◆ **What to do**:
Restate word for word the entries below, starting with the line with "聚宝盆貔貅（或麒麟）香炉Wealth-Gathering Bowl Pixiu" and continuing through the line with "House | 3 bedrooms, Internet". Include both of those lines and no others.

'''

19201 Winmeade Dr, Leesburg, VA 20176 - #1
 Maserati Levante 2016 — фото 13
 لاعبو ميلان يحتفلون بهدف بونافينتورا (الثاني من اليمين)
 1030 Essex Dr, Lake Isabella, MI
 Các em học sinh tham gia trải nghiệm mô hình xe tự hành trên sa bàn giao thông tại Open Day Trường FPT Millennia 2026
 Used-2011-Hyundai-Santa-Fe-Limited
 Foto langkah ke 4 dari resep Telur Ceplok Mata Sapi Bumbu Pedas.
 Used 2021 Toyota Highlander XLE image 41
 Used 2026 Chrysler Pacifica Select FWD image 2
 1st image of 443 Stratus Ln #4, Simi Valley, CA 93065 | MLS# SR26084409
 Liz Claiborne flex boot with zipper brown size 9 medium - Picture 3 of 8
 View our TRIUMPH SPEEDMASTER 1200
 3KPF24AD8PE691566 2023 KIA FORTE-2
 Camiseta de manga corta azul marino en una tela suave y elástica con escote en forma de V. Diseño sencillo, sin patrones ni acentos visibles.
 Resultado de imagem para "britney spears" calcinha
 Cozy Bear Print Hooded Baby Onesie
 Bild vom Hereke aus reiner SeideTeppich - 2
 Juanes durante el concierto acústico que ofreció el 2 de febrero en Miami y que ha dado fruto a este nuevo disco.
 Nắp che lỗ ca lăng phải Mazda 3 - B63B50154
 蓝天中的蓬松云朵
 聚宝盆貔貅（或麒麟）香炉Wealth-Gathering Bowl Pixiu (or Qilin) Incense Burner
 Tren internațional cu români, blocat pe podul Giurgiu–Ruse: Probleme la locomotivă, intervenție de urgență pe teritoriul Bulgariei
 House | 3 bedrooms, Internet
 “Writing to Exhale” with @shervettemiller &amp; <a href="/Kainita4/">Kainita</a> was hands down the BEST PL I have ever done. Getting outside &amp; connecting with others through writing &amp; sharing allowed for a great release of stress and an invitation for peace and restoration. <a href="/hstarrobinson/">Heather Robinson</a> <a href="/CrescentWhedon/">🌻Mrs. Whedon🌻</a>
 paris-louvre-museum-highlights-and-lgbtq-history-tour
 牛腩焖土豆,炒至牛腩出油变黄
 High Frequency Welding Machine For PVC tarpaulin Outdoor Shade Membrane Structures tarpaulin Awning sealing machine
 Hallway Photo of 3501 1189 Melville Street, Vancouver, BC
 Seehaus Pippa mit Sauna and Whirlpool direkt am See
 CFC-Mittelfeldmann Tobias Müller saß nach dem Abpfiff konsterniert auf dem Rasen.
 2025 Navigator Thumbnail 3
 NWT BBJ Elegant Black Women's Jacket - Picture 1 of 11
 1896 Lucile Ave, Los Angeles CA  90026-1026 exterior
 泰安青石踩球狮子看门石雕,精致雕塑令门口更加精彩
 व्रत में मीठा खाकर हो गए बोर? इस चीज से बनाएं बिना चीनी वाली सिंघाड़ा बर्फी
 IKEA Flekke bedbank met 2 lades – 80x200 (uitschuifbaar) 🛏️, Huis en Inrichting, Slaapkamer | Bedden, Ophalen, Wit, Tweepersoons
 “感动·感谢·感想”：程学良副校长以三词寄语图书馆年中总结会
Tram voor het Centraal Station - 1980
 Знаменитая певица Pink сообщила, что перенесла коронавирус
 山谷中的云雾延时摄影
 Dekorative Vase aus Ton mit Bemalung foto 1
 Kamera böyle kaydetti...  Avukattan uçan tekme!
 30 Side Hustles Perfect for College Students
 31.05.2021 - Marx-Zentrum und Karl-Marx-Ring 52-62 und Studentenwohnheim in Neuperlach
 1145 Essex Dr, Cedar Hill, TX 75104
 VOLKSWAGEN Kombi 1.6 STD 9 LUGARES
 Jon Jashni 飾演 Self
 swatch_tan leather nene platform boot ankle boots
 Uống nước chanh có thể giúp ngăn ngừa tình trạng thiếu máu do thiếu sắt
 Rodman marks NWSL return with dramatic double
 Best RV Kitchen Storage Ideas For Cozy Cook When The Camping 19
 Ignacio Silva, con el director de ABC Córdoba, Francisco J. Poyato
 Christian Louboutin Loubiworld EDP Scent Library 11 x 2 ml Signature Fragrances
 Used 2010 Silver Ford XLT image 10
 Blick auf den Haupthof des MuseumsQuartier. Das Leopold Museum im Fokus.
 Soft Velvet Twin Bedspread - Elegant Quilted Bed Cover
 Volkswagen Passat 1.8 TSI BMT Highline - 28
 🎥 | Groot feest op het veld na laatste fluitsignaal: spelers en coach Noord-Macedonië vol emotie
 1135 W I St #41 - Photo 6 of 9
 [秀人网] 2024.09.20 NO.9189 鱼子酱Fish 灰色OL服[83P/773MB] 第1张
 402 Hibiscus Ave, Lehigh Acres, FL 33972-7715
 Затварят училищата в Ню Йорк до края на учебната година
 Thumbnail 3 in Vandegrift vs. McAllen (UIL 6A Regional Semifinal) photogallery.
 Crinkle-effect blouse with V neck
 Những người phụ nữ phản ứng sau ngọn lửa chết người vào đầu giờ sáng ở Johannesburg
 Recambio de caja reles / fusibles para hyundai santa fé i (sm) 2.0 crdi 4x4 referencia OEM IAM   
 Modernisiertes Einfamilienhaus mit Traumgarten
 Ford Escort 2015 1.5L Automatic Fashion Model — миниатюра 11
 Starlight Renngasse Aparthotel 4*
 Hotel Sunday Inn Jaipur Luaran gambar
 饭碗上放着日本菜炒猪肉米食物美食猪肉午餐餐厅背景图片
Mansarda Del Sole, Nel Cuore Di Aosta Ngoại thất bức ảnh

'''

◆ **Expected answer**:
 聚宝盆貔貅（或麒麟）香炉Wealth-Gathering Bowl Pixiu (or Qilin) Incense Burner
 Tren internațional cu români, blocat pe podul Giurgiu–Ruse: Probleme la locomotivă, intervenție de urgență pe teritoriul Bulgariei
 House | 3 bedrooms, Internet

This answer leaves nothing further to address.